All of lore.kernel.org
 help / color / mirror / Atom feed
From: Li Chen <me@linux.beauty>
To: Theodore Ts'o <tytso@mit.edu>, Jan Kara <jack@suse.cz>,
	Mark Fasheh <mark@fasheh.com>,
	linux-ext4@vger.kernel.org, ocfs2-devel@lists.linux.dev,
	Jan Kara <jack@suse.com>,
	linux-kernel@vger.kernel.org
Cc: Li Chen <me@linux.beauty>
Subject: [PATCH v4 4/4] jbd2: store jinode dirty range in PAGE_SIZE units
Date: Fri,  6 Mar 2026 16:56:42 +0800	[thread overview]
Message-ID: <20260306085643.465275-5-me@linux.beauty> (raw)
In-Reply-To: <20260306085643.465275-1-me@linux.beauty>

jbd2_inode fields are updated under journal->j_list_lock, but some paths
read them without holding the lock (e.g. fast commit helpers and ordered
truncate helpers).

READ_ONCE() alone is not sufficient for the dirty range fields when they
are stored as loff_t because 32-bit platforms can observe torn loads.
Store the dirty range in PAGE_SIZE units as pgoff_t instead.

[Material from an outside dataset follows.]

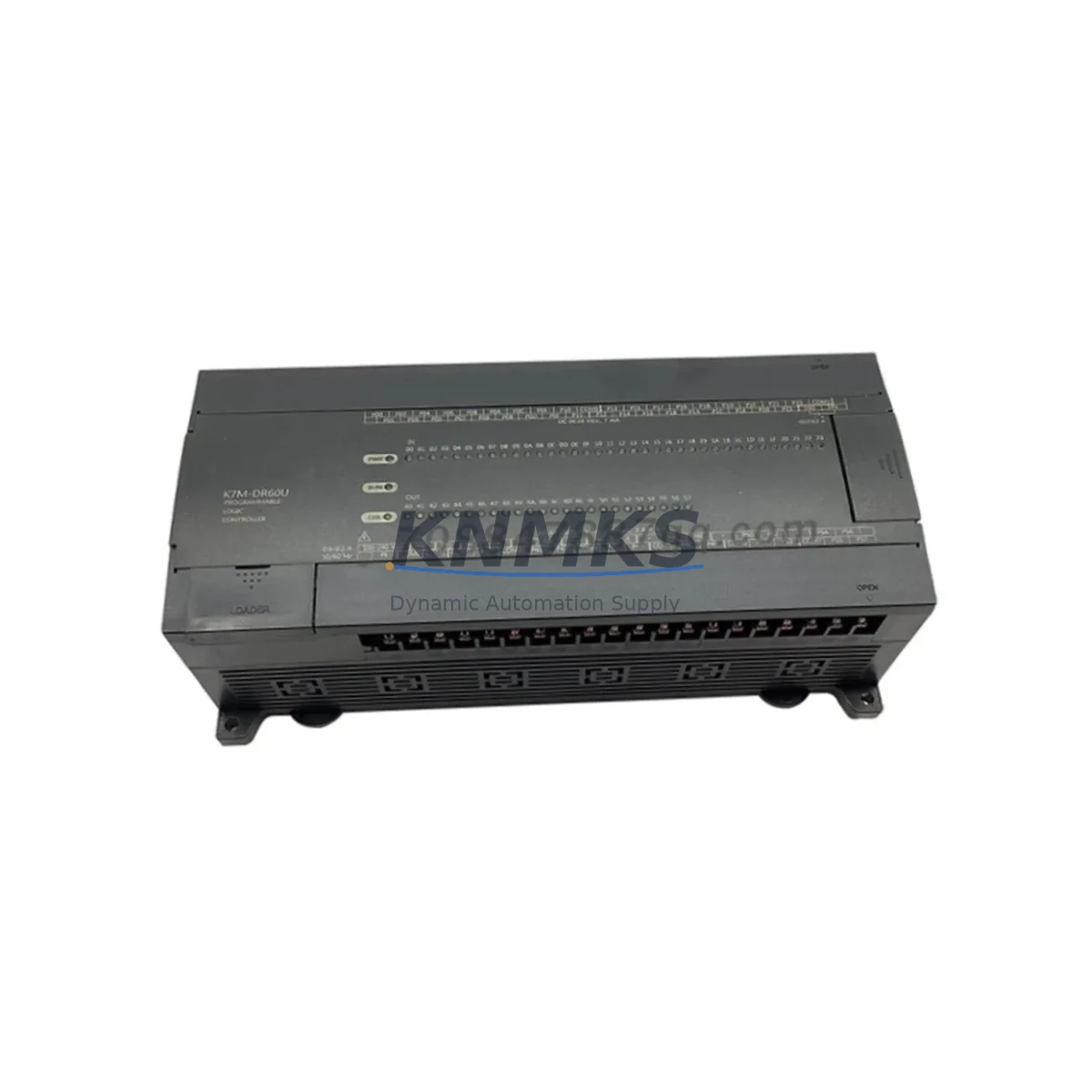Honeywell K7M-DR60U Fail-Safe Compact PLC for Industrial Control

Represent the dirty range end as an exclusive end page. This avoids a
special sentinel value and keeps MAX_LFS_FILESIZE on 32-bit representable.

Publish a new dirty range by updating end_page before start_page, and
treat start_page >= end_page as empty in the accessor for robustness.

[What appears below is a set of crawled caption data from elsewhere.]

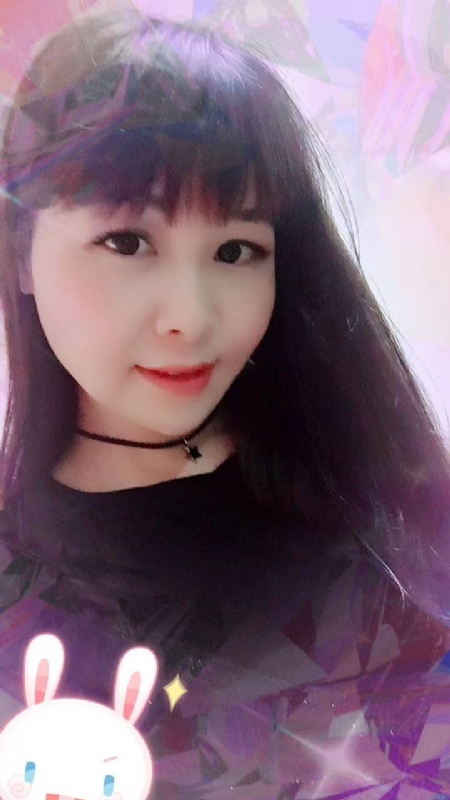 兰馨的第一张照片--汕头相亲服务中心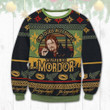 Lord of the ring sweater LOTRL001VKO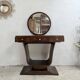 Art Deco Mirror Dressing Table 1920 1930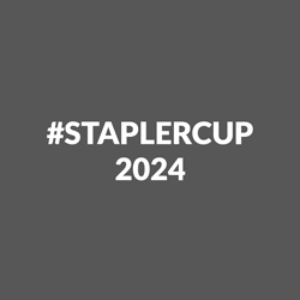 Finden Sie de Termine zum Staplercup 2024 auf der Homepage von Linde Material Handling.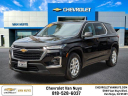 2023 Chevrolet Traverse LS at KeyesChevrolet of Van Nuys, CA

Use READ_ONCE() on the read side and WRITE_ONCE() on the write side for the
dirty range and i_flags to match the existing lockless access pattern.

Suggested-by: Jan Kara <jack@suse.cz>
Reviewed-by: Jan Kara <jack@suse.cz>
Signed-off-by: Li Chen <me@linux.beauty>
---
Changes since v3:
- Store i_dirty_end_page as an exclusive end page and drop the sentinel.
- Publish end_page before start_page and treat start_page >= end_page as
  empty in the accessor.
- Document the empty-range encoding and publication ordering in comments.

Changes since v2:
- Rename i_dirty_start/end to i_dirty_start_page/end_page.
- Use jbd2_jinode_get_dirty_range() for byte conversions in commit paths.

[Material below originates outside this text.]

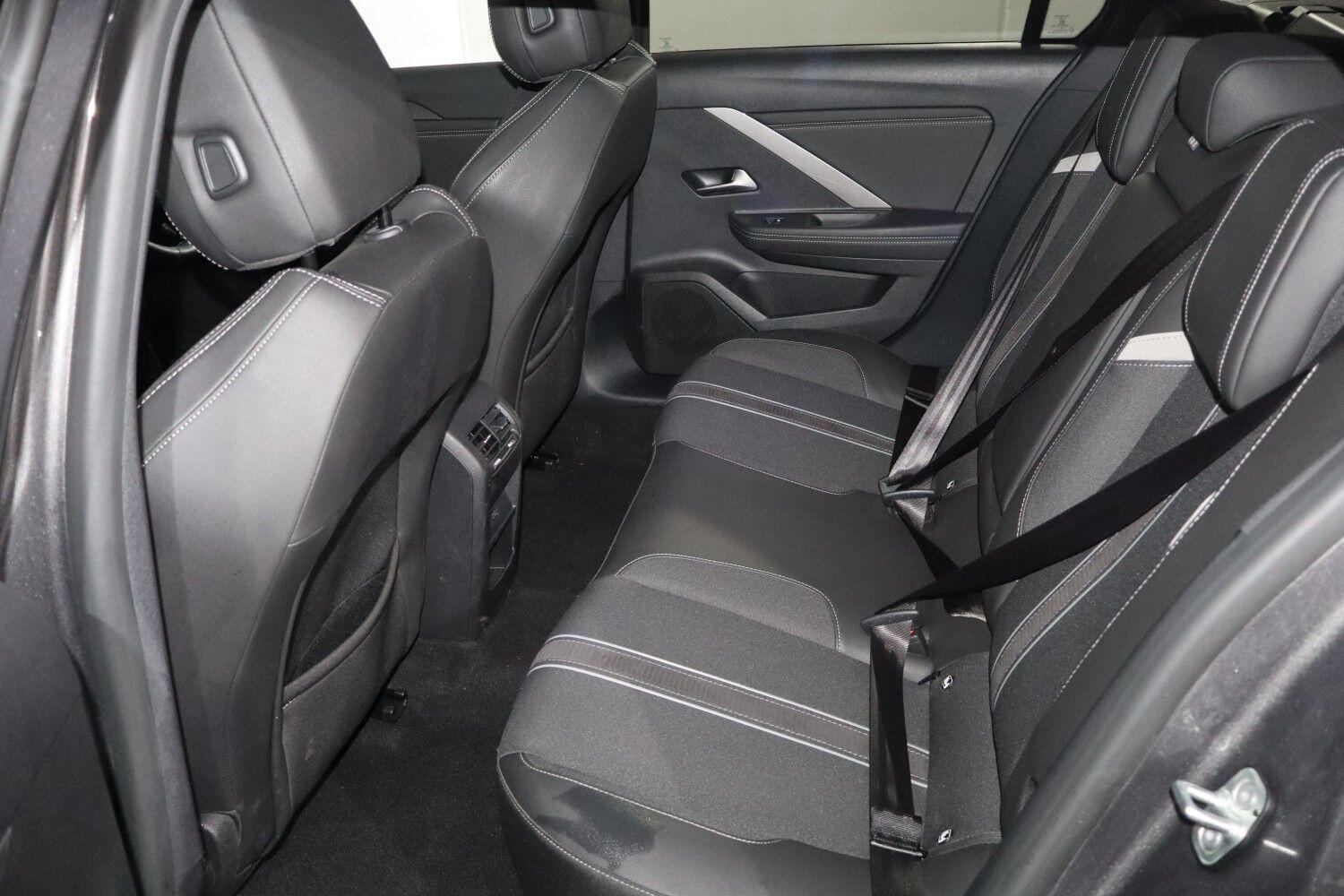 Used Vauxhall Astra 2025 for sale - 77633145: Photo 12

 fs/jbd2/commit.c      | 55 +++++++++++++++++++++++++++++++++----------
 fs/jbd2/journal.c     |  5 ++--
 fs/jbd2/transaction.c | 21 +++++++++++------
 include/linux/jbd2.h  | 34 ++++++++++++++++----------
 4 files changed, 80 insertions(+), 35 deletions(-)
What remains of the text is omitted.